Saturday, September 16, 2006


Don't Look Back

While I think PZ Myers has occasionally gone too far in his criticism of some people of faith, such as Ken Miller, it is only fair to acknowledge the other side of the problem.

I’ve seen people gritting their teeth and balling their hands up while they listen to me. I’ve gotten some loaded statements like, ‘What are you going to do when you find yourself in a lake of fire?’
That's Jeremy Martin, an electrical tradesman, a budding investor in real estate, a doting dad whose young son is infatuated with pirates and an atheist who lives in Maple, North Carolina.
A Gallup poll recently found that only 1 percent of respondents were convinced God does not exist, and another 4 percent said God "does not exist, but are not sure." The rest said God definitely or probably exists.

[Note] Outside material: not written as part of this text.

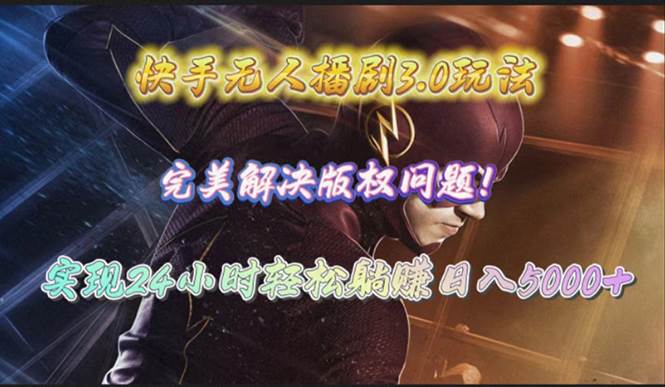 快手无人播剧3.0玩法，完美解决版权问题，实现24小时轻松躺赚日入5000+副业工作-副业资源站-副业项目-创业项目-搞钱项目个人副业工作资源分享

What frustrates atheists is not that they are outnumbered, but that they are reviled. "We are the last group in the United States who it’s politically correct to hate and discriminate against," said Dave Silverman, a spokesman for American Atheists, a 43-year-old national advocacy group. "In the Bible Belt, it’s even worse."
Penny Edgell, a sociologist who led a national survey conducted at the University of Minnesota, said irreligious people often are seen as amoral because Americans’ core values historically have overlapped with religious values. "Religiosity is seen as a proxy for being a good person," she said. The survey found that Americans rank atheists below gay and lesbian people, recent immigrants, Muslims and other minorities in "sharing their vision of American society." Incredibly, "Americans are less willing to accept intermarriage with atheists than with any other group."

A certain testiness is hardly surprising when the scent of burning torches is in the air.